L’astronomia è decisamente una scienza strana. Eh sì, perché contrariamente a quello che si potrebbe pensare, non è vero che gli oggetti a noi più vicini siano sempre i più esplorati. Prendiamo il Sole, ad esempio. Ad appena otto minuti luce da noi, potremmo supporre che ormai sia completamente conosciuto. E invece no: di fatto, la nostra stessa stella è ancora contornata – potremmo dire – da una serie di piccoli e grandi misteri scientifici, che attendono ancora compiuta articolazione, e convincente soluzione.
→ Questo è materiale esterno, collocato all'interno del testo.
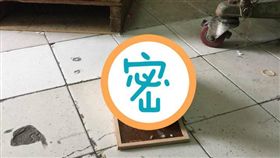 板橋,黏鼠板,雞（圖／翻攝自臉書）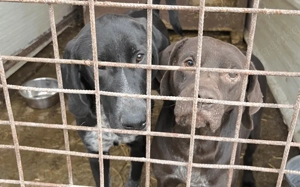 Freundliche Seele Odin sucht Heimat Bild 7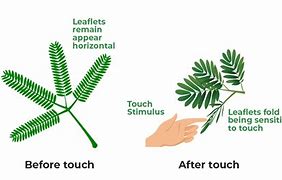 Image result for Sdof Undamped Movement Diagram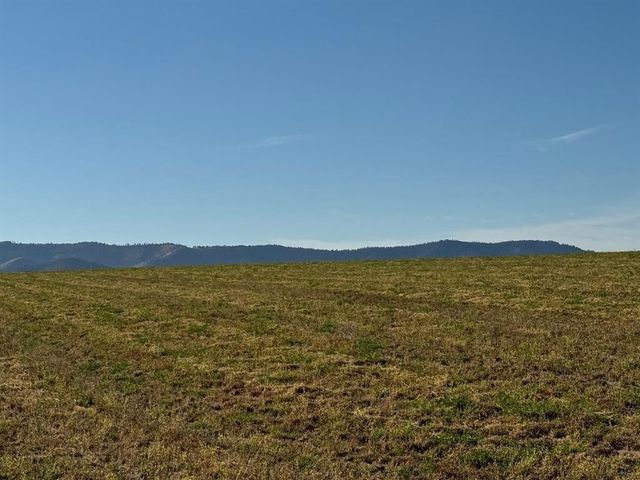 XXXX N N Spotted Rd Rd, Deer Park, WA 99006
Crediti: NASA/GSFC/Solar Dynamics Observatory

Osservate questa sequenza di immagini del nostro amato Sole. Tutte le istantanee sono state acquisite nella stessa giornata, il giorno 27 del mese di ottobre, per la precisione. Ma mentre la prima “fettina” di Sole ci viene restituita in luce “bianca” (ovvero, nel modo in cui lo vedrebbe un occhio umano), tutte le altre sono acquisite in bande ultraviolette estreme, ovvero nella regione più energetica dello spettro, rispetto alla banda ottica. Sono anche disposte in bell’ordine secondo una scala di temperatura, crescente verso destra : la prima è su una temperatura di circa 6000 gradi, mentre l’ultima arriva a ben 10 milioni di gradi.
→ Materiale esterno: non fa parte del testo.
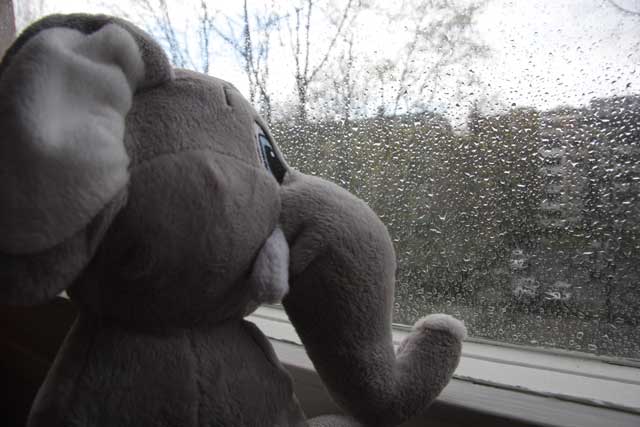 elephant toy at a window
Una prima cosa che si può notare, ad un esame abbastanza puntuale, è che ogni immagine ci regala in realtà dei particolari diversi. Possiamo dire che ogni intervallo in lunghezza d’onda trasporta e rivela informazioni relative a diversi processi che stanno avvenendo sulla superficie solare (e al di sotto). E’ appena un accenno in scala ridotta dell’astronomia cosiddetta multi-messenger che si sta rivelando come approccio estremamente fecondo nella comprensione “a tutto campo” dei fenomeni celesti. Potremmo dire, in parole semplici, che occorre avere “occhi” per ogni specifica radiazione, sensori per ogni specifico “segnale”, per sperare di ricostruire un quadro completo e compiuto, di quanto stiamo osservando.

L’altra cosa, naturalmente, è l’ampio intervallo di temperatura in cui è capace di “splendere” il Sole. Arriviamo a dieci milioni di gradi, come abbiamo visto. E questo, per di più, accade nell’alta atmosfera solare, dunque molto più calda dei circa seimila gradi della base della fotosfera (da dove si originano i fotoni che arrivano fino a noi). Sì, avete letto bene: da seimila a dieci milioni di gradi, procedendo dalla “superficie” all’atmosfera solare! E’ una faccenda che ha dato ben più di qualche grattacapo ai fisici solari, per diversi anni, ma forse proprio adesso – grazie anche a dati precisi e dettagliati come questi – sta arrivando verso una sua piena comprensione.